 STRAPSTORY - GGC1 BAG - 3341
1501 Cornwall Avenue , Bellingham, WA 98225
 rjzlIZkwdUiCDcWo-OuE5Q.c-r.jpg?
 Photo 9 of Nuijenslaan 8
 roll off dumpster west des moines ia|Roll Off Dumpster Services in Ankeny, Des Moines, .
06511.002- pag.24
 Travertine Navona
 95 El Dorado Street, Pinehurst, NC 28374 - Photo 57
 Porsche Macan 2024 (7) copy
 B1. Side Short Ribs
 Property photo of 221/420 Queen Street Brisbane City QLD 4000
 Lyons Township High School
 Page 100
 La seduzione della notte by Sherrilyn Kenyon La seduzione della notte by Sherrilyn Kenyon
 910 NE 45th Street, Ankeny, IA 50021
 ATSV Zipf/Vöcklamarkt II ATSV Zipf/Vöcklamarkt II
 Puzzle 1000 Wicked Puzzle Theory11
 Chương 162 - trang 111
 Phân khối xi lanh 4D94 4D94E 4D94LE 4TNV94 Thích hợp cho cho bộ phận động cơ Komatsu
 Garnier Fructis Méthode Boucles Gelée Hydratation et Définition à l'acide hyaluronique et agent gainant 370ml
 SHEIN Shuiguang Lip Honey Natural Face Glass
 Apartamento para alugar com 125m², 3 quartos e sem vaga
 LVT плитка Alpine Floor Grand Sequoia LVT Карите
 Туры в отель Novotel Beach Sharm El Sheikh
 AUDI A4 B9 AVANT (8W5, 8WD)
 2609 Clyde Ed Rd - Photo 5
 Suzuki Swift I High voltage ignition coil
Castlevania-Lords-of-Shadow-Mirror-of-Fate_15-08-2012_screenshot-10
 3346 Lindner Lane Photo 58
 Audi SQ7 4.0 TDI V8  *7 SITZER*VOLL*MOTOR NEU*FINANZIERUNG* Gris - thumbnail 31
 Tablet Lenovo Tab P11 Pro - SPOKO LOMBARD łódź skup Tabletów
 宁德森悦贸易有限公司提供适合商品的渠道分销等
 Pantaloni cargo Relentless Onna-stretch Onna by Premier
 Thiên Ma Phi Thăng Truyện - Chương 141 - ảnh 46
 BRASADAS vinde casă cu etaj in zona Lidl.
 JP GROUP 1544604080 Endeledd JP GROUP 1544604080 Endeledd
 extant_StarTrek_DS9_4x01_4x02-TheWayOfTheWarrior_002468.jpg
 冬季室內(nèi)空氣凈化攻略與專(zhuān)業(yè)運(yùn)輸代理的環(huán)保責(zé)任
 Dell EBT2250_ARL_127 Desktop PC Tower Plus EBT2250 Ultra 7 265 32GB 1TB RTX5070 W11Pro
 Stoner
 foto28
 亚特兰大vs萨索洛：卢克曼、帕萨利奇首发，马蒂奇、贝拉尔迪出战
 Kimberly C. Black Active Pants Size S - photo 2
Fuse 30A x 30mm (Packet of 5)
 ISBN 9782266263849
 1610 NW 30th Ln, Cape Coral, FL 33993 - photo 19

ABOUT THIS TASK:
The final stretch of the listing, from the line containing "宁德森悦贸易有限公司提供适合商品的渠道分销等" through its last line, both included, is to be output exactly and by itself.

YOUR RESPONSE:
 宁德森悦贸易有限公司提供适合商品的渠道分销等
 Pantaloni cargo Relentless Onna-stretch Onna by Premier
 Thiên Ma Phi Thăng Truyện - Chương 141 - ảnh 46
 BRASADAS vinde casă cu etaj in zona Lidl.
 JP GROUP 1544604080 Endeledd JP GROUP 1544604080 Endeledd
 extant_StarTrek_DS9_4x01_4x02-TheWayOfTheWarrior_002468.jpg
 冬季室內(nèi)空氣凈化攻略與專(zhuān)業(yè)運(yùn)輸代理的環(huán)保責(zé)任
 Dell EBT2250_ARL_127 Desktop PC Tower Plus EBT2250 Ultra 7 265 32GB 1TB RTX5070 W11Pro
 Stoner
 foto28
 亚特兰大vs萨索洛：卢克曼、帕萨利奇首发，马蒂奇、贝拉尔迪出战
 Kimberly C. Black Active Pants Size S - photo 2
Fuse 30A x 30mm (Packet of 5)
 ISBN 9782266263849
 1610 NW 30th Ln, Cape Coral, FL 33993 - photo 19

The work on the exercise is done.